SOURCE MATERIAL
────────

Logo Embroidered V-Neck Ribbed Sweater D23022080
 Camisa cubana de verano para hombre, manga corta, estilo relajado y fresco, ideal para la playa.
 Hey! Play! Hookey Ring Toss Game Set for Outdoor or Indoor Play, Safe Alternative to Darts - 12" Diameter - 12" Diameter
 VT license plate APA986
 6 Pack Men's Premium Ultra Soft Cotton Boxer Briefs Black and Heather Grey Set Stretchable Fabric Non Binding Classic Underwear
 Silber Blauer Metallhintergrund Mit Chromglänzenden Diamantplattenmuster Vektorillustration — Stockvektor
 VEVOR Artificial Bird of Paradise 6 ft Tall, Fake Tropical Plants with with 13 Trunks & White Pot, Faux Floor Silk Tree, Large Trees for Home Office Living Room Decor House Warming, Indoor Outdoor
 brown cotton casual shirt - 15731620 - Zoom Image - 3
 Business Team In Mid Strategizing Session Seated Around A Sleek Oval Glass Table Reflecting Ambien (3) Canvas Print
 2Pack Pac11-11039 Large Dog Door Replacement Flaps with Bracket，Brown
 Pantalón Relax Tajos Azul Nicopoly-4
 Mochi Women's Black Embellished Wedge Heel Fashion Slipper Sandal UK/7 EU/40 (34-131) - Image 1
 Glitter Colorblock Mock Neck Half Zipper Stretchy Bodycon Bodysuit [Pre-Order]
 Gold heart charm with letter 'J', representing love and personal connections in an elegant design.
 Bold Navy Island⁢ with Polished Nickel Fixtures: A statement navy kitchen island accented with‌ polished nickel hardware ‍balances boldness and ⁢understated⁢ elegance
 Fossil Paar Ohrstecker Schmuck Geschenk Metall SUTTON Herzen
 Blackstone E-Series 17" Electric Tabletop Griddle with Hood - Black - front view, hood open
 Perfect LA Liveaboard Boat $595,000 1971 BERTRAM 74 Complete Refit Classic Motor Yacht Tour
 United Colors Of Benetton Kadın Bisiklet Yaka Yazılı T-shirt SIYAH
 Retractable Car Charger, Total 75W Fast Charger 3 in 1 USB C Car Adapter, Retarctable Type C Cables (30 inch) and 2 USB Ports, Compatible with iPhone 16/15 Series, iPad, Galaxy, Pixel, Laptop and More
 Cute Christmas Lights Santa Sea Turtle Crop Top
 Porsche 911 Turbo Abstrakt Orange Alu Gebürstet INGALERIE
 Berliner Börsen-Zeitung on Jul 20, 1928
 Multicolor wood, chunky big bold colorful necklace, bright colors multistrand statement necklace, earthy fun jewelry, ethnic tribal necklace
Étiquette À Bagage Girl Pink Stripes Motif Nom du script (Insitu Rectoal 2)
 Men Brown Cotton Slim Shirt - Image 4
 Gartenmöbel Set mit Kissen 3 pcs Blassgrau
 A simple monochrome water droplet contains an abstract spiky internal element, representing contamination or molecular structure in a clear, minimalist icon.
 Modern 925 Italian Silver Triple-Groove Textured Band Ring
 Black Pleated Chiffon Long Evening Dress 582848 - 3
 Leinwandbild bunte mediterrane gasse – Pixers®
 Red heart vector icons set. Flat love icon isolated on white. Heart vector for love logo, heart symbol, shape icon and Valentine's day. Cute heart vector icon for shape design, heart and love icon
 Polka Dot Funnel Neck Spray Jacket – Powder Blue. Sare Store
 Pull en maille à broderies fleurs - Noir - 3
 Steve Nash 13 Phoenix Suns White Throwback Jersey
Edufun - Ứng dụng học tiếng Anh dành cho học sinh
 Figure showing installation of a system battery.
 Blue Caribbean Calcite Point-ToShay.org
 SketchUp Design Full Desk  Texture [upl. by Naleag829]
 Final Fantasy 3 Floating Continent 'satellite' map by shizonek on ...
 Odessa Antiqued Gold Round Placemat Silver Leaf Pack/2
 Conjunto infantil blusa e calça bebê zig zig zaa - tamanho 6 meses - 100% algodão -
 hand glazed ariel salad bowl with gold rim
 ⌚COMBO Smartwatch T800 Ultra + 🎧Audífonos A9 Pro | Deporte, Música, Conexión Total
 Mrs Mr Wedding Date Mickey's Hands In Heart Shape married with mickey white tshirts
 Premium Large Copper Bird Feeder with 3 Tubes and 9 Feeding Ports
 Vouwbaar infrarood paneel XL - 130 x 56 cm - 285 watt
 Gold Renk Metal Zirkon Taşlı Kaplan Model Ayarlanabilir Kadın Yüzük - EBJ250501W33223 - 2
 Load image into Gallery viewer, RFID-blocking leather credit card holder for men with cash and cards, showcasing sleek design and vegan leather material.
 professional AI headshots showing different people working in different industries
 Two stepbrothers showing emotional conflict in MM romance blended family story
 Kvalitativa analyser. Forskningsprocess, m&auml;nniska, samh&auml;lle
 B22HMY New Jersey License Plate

────────

WORK TO BE COMPLETED
I need exact copies of the lines from the one holding "Gold Renk Metal" through the end of the records above, and nothing beyond them.

OUTPUT BELOW
 Gold Renk Metal Zirkon Taşlı Kaplan Model Ayarlanabilir Kadın Yüzük - EBJ250501W33223 - 2
 Load image into Gallery viewer, RFID-blocking leather credit card holder for men with cash and cards, showcasing sleek design and vegan leather material.
 professional AI headshots showing different people working in different industries
 Two stepbrothers showing emotional conflict in MM romance blended family story
 Kvalitativa analyser. Forskningsprocess, m&auml;nniska, samh&auml;lle
 B22HMY New Jersey License Plate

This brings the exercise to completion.